● DIRECTIONS
Give back, word for word, only the lines from the opening of the records through the one with "2011 GMC Sierra". Pictures stay out.

══════

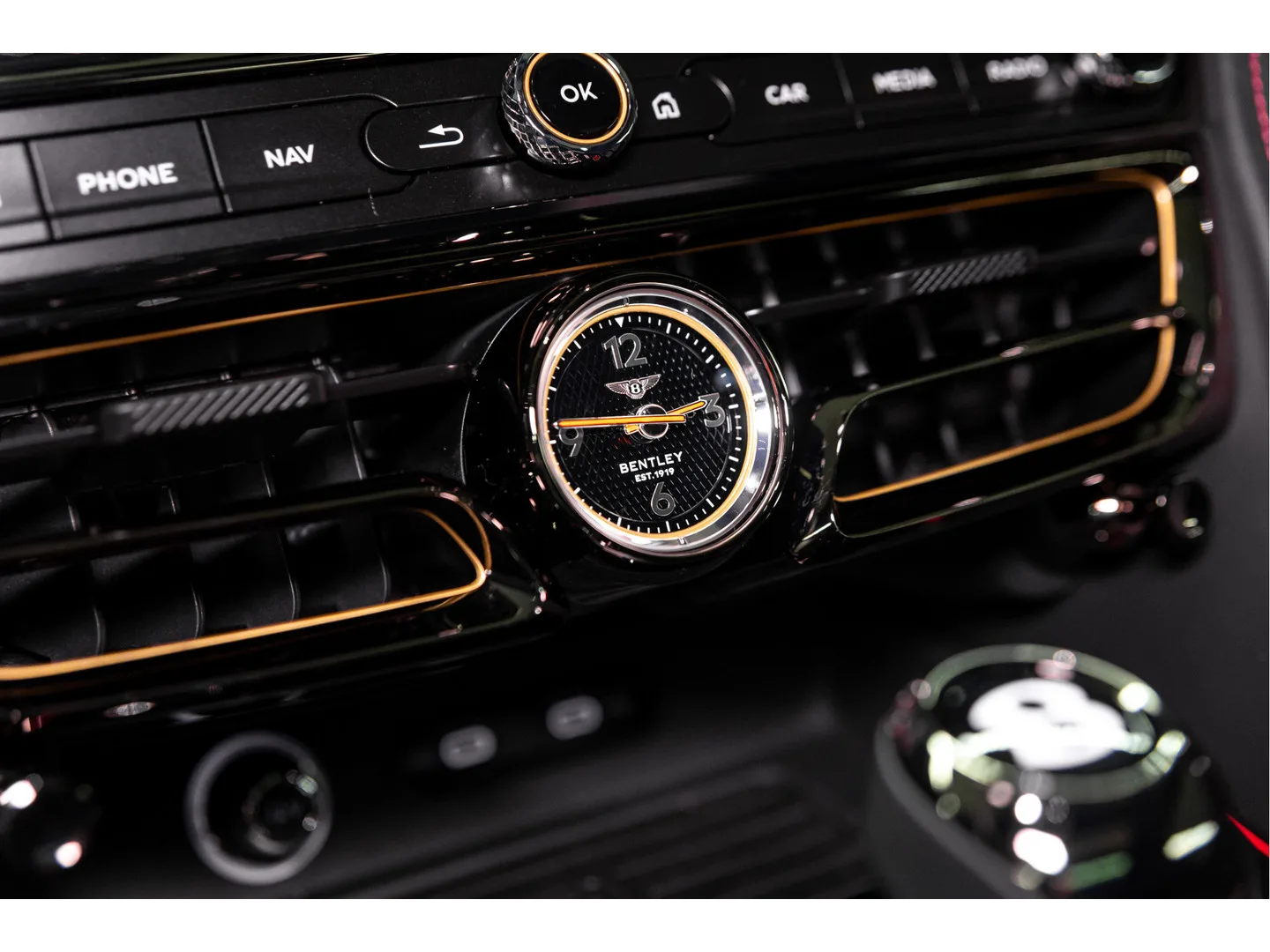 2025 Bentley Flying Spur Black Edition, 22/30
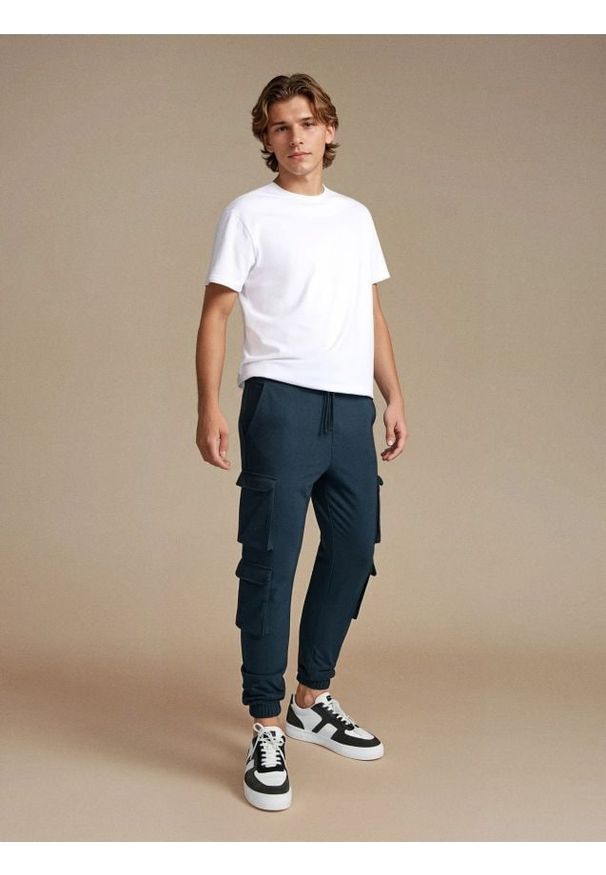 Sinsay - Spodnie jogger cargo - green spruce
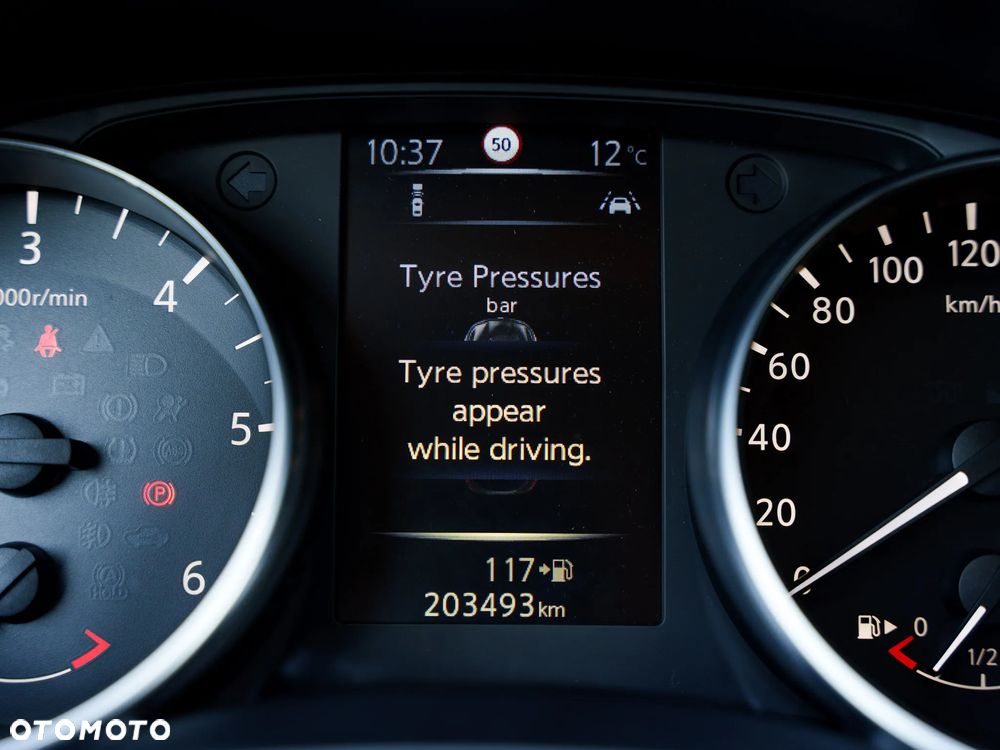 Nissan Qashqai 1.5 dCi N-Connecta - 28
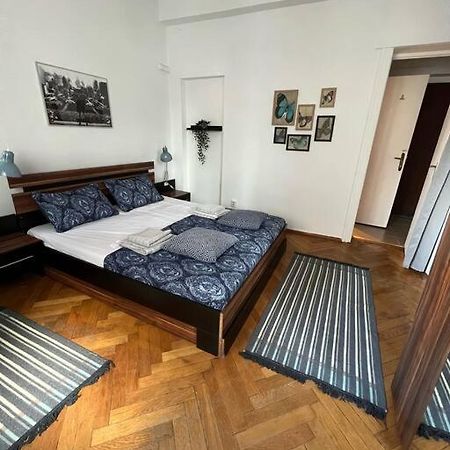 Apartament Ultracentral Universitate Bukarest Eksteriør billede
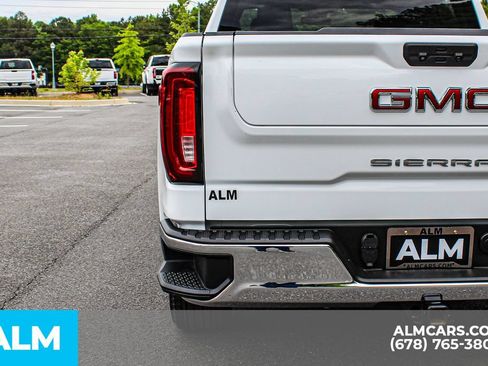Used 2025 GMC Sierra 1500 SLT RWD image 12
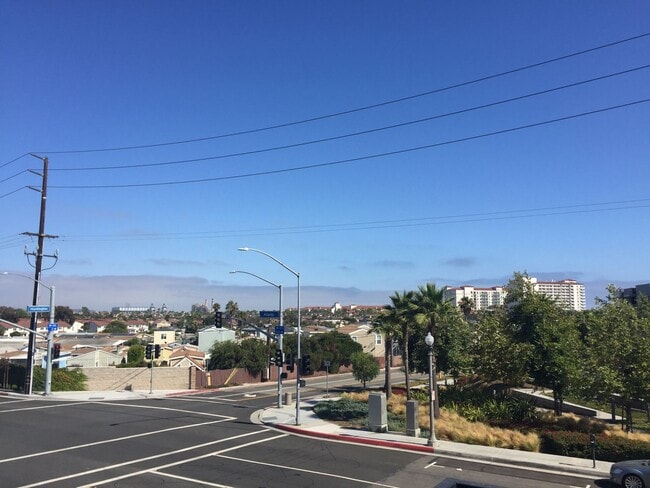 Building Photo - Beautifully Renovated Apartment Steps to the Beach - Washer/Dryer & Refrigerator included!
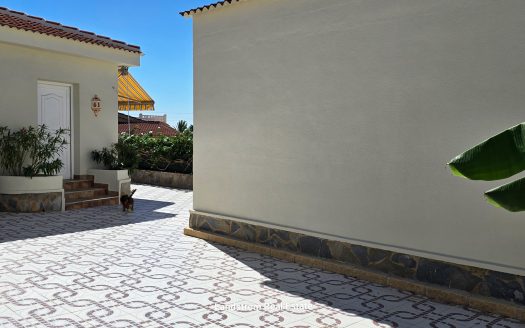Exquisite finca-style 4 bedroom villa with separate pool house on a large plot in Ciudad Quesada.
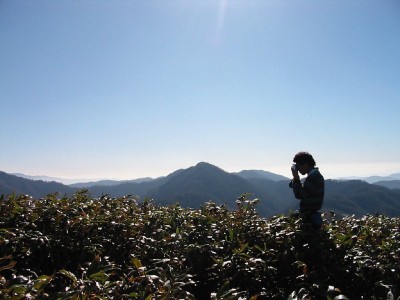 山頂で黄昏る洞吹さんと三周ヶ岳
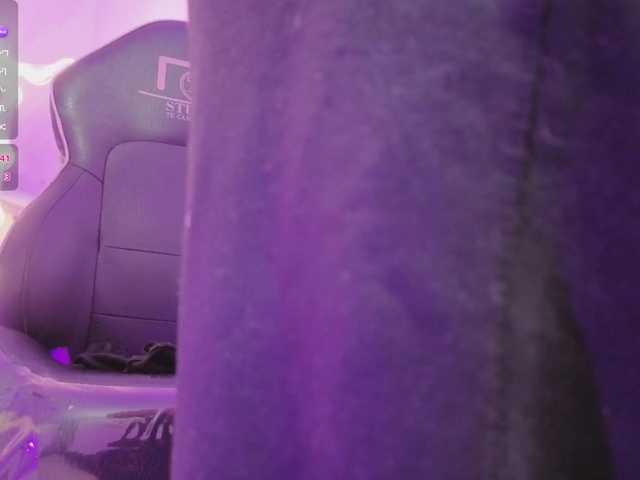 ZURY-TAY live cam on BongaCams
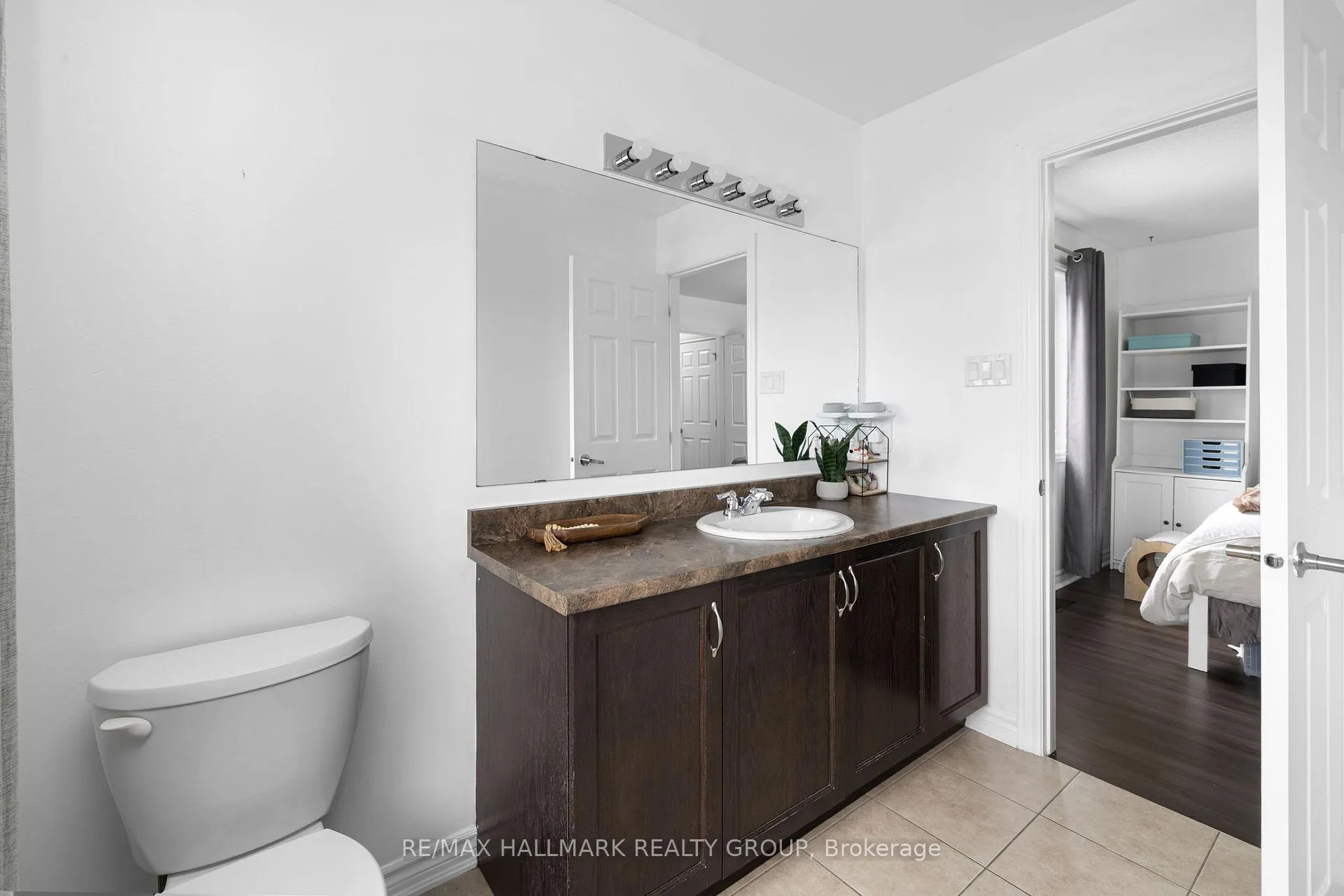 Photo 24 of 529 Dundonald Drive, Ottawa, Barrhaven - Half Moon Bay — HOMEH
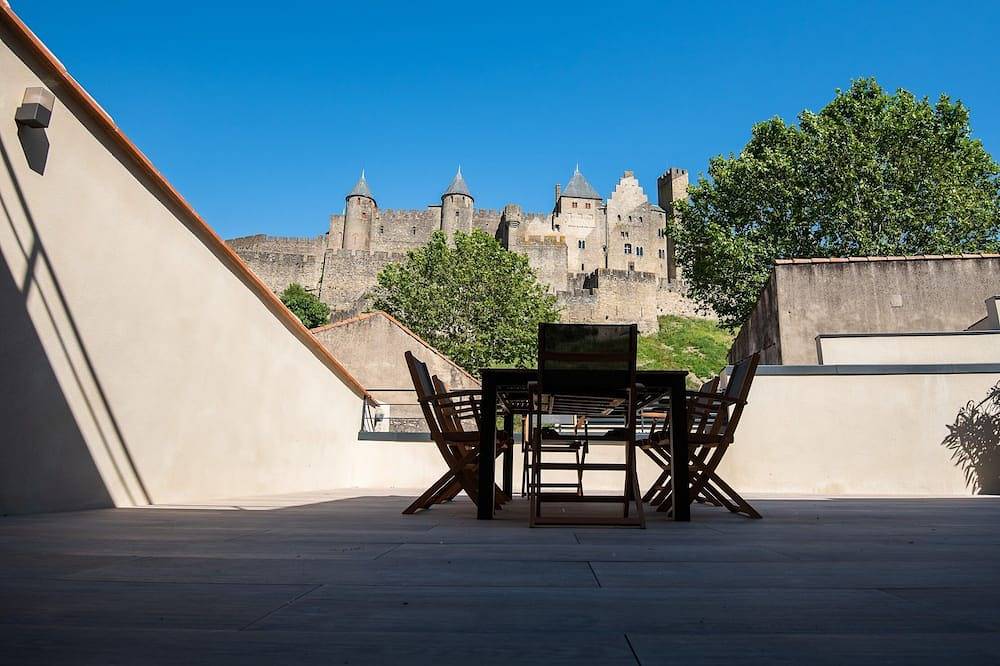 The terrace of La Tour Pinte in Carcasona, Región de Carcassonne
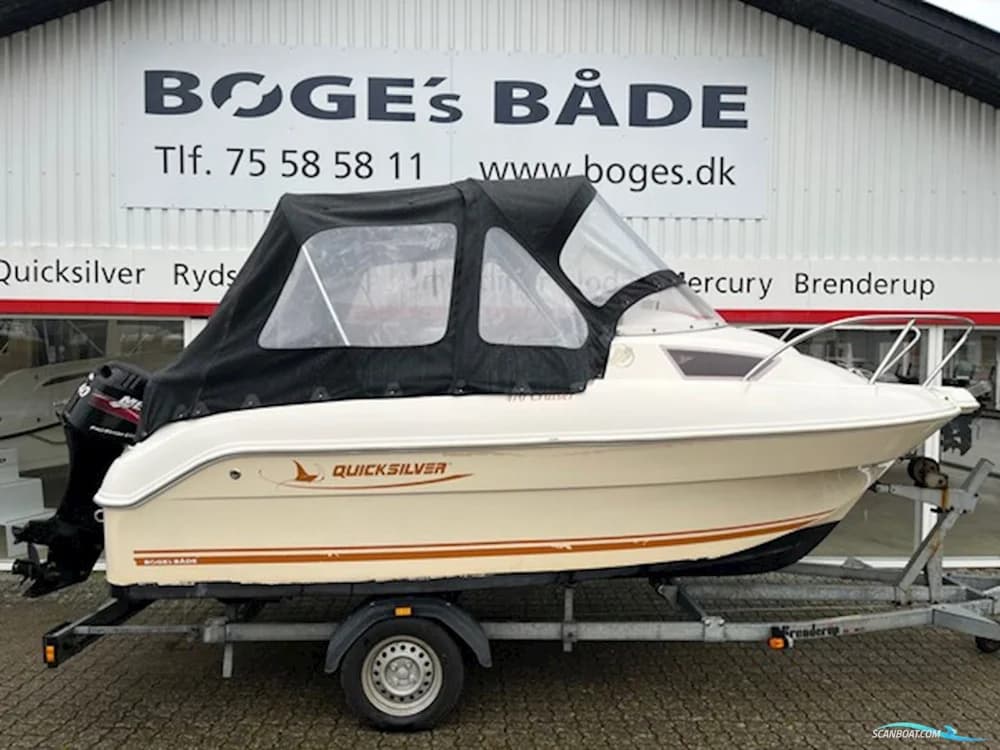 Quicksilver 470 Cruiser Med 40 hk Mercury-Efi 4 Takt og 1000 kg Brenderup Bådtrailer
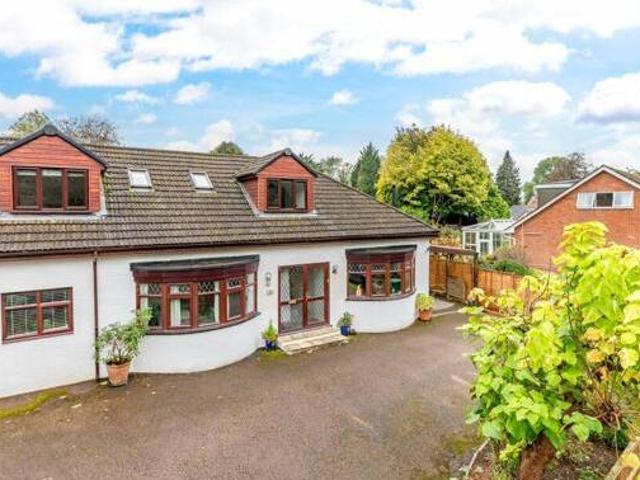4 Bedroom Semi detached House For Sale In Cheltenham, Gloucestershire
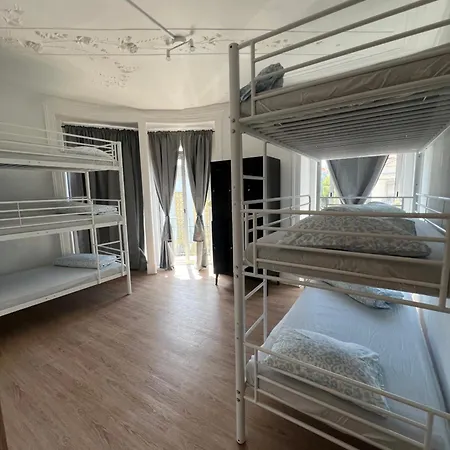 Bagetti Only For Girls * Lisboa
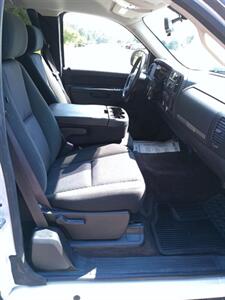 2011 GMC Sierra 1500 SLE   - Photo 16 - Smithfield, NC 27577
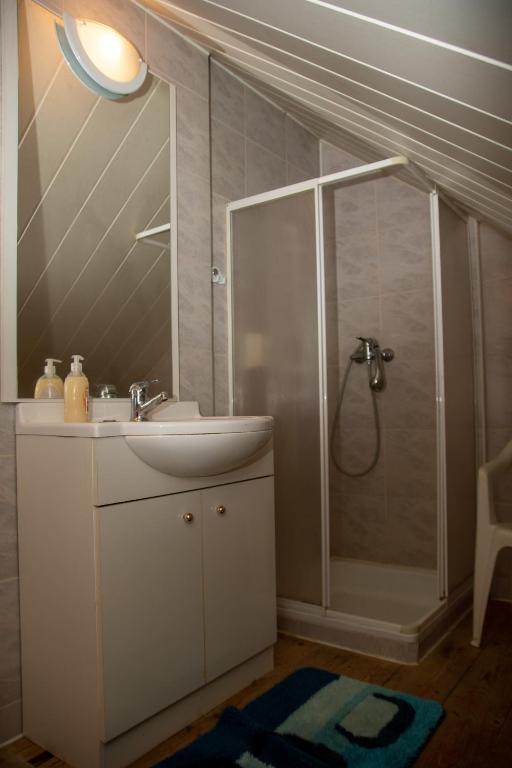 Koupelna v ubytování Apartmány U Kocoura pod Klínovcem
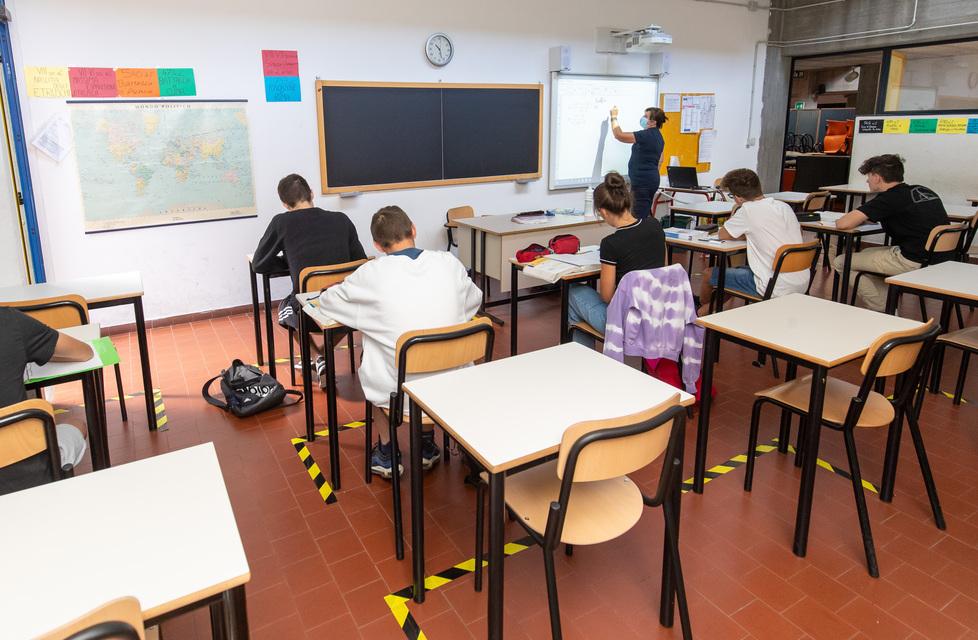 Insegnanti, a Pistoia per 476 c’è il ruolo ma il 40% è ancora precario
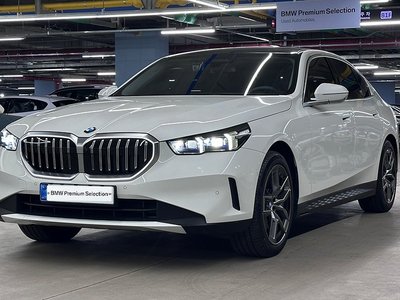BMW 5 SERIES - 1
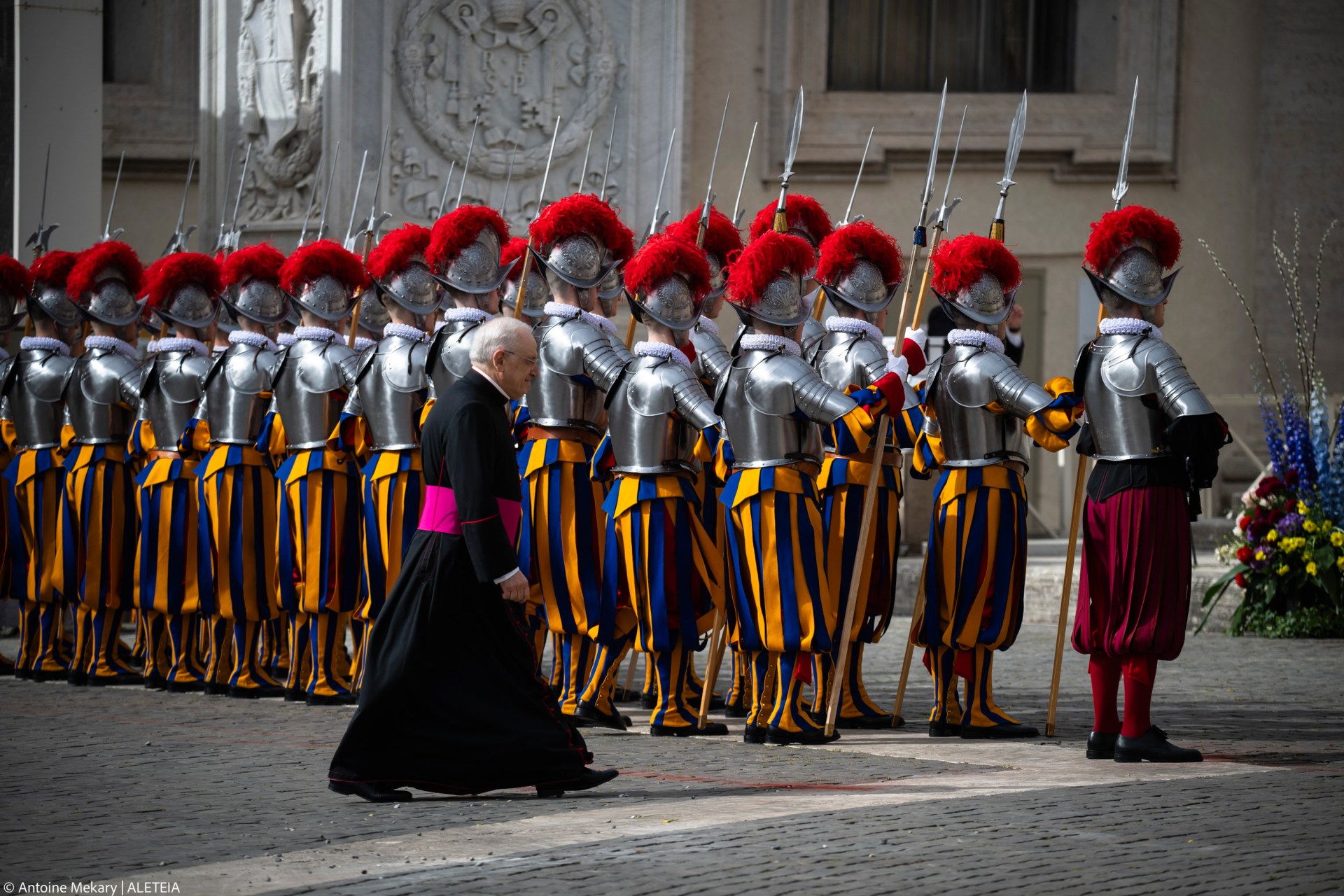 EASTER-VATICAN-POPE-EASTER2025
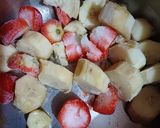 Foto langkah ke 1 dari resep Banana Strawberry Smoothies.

══════

● EXPECTED ANSWER
 2025 Bentley Flying Spur Black Edition, 22/30
 Sinsay - Spodnie jogger cargo - green spruce
 Nissan Qashqai 1.5 dCi N-Connecta - 28
 Apartament Ultracentral Universitate Bukarest Eksteriør billede
Used 2025 GMC Sierra 1500 SLT RWD image 12
 Building Photo - Beautifully Renovated Apartment Steps to the Beach - Washer/Dryer & Refrigerator included!
Exquisite finca-style 4 bedroom villa with separate pool house on a large plot in Ciudad Quesada.
 山頂で黄昏る洞吹さんと三周ヶ岳
 ZURY-TAY live cam on BongaCams
 Photo 24 of 529 Dundonald Drive, Ottawa, Barrhaven - Half Moon Bay — HOMEH
 The terrace of La Tour Pinte in Carcasona, Región de Carcassonne
 Quicksilver 470 Cruiser Med 40 hk Mercury-Efi 4 Takt og 1000 kg Brenderup Bådtrailer
4 Bedroom Semi detached House For Sale In Cheltenham, Gloucestershire
 Bagetti Only For Girls * Lisboa
 2011 GMC Sierra 1500 SLE   - Photo 16 - Smithfield, NC 27577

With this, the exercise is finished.